Un Etat contrôlé par le Hamas
Le troisième assaut est politique. Il consiste à assimiler l’Etat palestinien au mouvement terroriste Hamas et à considérer que toute tentative de réhabiliter l’Autorité palestinienne, discréditée par sa corruption endémique, est un cadeau fait au mouvement terroriste palestinien et à son allié à Gaza, le Jihad islamique.
Les autorités israéliennes, qui ont jadis privilégié le Hamas pour affaiblir le Fatah de Yasser Arafat, ont deux arguments clés: les militants du Hamas restent enracinés dans la population civile au sein de laquelle ils détiennent encore prisonniers 48 otages israéliens (dont 27 présumés vivants); et aucune alternative politique crédible n’existe face aux islamistes qui réclament toujours la destruction de l’Etat hébreu.

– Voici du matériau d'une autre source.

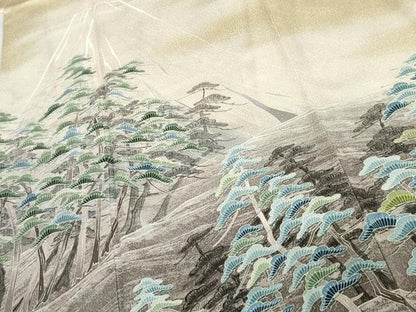 平和屋着物●豪華色留袖　作家物　枝花文　正絹　逸品　AABH8955cs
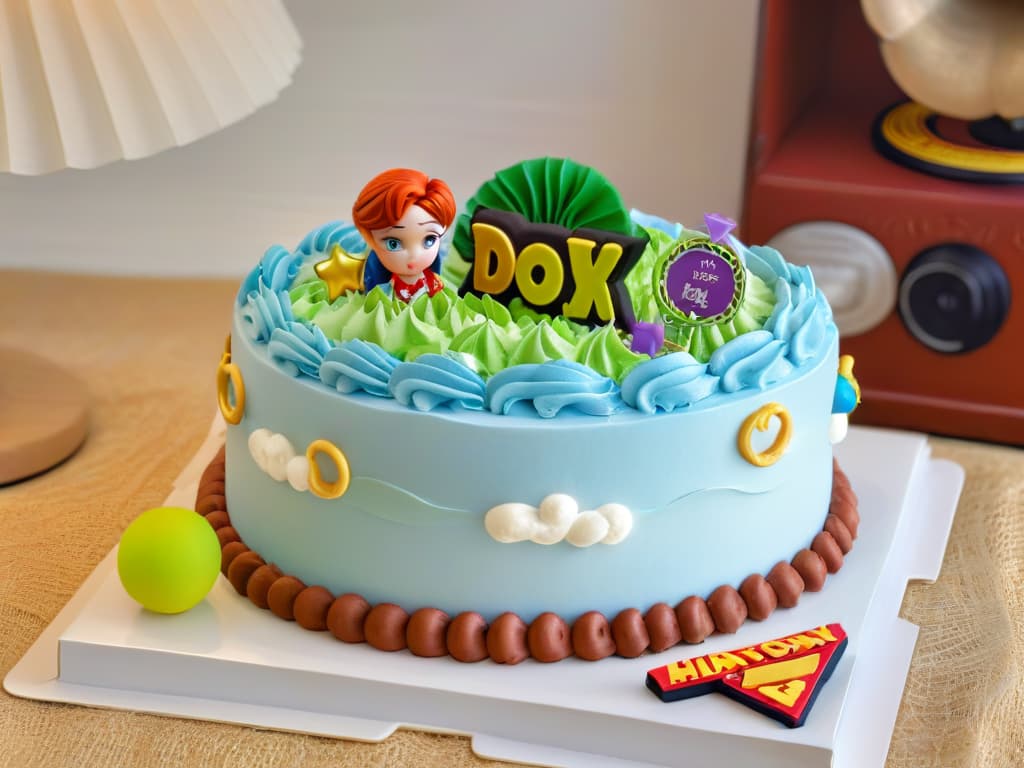  An 8k ultradetailed image of a colorful and intricately decorated Toy Storythemed cake, featuring iconic characters like Woody, Buzz Lightyear, and Jessie, all beautifully crafted with fondant and edible decorations. The cake is placed on a sleek, white cake stand, with a simple, elegant background to highlight the intricate details of the design. hyperrealistic, full body, detailed clothing, highly detailed, cinematic lighting, stunningly beautiful, intricate, sharp focus, f/1. 8, 85mm, (centered image composition), (professionally color graded), ((bright soft diffused light)), volumetric fog, trending on instagram, trending on tumblr, HDR 4K, 8K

Donald Trump applaudit à cet amalgame. Pour lui comme pour Netanyahu, un Etat palestinien serait, par définition, un Etat terroriste contrôlé par le Hamas. Face à cela, la promesse d’Emmanuel Macron d’un «démantèlement et un désarmement» du groupe islamiste «avec le soutien des partenaires internationaux et les moyens qui seront nécessaires à cette mission difficile» ressemble à un mirage.